▼
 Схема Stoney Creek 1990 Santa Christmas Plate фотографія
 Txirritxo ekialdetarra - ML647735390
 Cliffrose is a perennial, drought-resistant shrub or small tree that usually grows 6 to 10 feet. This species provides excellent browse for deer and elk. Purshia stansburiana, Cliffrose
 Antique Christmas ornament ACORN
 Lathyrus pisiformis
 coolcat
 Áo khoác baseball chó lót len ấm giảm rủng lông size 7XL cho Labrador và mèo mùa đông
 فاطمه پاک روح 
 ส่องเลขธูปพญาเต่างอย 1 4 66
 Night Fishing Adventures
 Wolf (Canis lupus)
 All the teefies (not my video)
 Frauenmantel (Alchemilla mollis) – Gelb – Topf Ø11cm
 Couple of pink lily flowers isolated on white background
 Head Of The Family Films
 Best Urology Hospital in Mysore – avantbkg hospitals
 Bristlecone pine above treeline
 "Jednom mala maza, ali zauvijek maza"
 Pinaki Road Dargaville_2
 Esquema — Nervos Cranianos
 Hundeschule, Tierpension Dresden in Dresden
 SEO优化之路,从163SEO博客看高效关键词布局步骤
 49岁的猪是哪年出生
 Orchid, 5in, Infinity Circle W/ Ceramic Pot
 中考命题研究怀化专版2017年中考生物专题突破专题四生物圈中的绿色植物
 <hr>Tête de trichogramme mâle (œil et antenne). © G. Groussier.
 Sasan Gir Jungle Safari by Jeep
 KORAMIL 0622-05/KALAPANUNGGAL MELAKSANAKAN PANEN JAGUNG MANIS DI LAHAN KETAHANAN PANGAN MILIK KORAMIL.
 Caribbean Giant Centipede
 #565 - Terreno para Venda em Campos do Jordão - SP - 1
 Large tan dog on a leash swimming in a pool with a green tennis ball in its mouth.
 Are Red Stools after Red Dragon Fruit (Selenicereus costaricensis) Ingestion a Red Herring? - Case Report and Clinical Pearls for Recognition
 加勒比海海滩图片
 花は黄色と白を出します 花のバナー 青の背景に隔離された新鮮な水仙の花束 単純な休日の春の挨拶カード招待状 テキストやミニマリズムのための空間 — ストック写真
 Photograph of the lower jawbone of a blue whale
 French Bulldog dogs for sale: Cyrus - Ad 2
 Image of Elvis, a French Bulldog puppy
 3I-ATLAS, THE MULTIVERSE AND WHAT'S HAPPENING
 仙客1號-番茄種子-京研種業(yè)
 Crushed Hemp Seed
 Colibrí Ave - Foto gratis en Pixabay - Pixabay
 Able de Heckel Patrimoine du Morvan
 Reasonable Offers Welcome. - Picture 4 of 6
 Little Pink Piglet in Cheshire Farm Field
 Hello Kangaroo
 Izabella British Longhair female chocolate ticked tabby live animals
▲
= ACTIVITY =
Retype, in the same exact form, the lines of the material above from the line holding "Head Of The Family Films" through the line holding "#565 - Terreno".

= RESULT OF THIS TASK =
 Head Of The Family Films
 Best Urology Hospital in Mysore – avantbkg hospitals
 Bristlecone pine above treeline
 "Jednom mala maza, ali zauvijek maza"
 Pinaki Road Dargaville_2
 Esquema — Nervos Cranianos
 Hundeschule, Tierpension Dresden in Dresden
 SEO优化之路,从163SEO博客看高效关键词布局步骤
 49岁的猪是哪年出生
 Orchid, 5in, Infinity Circle W/ Ceramic Pot
 中考命题研究怀化专版2017年中考生物专题突破专题四生物圈中的绿色植物
 <hr>Tête de trichogramme mâle (œil et antenne). © G. Groussier.
 Sasan Gir Jungle Safari by Jeep
 KORAMIL 0622-05/KALAPANUNGGAL MELAKSANAKAN PANEN JAGUNG MANIS DI LAHAN KETAHANAN PANGAN MILIK KORAMIL.
 Caribbean Giant Centipede
 #565 - Terreno para Venda em Campos do Jordão - SP - 1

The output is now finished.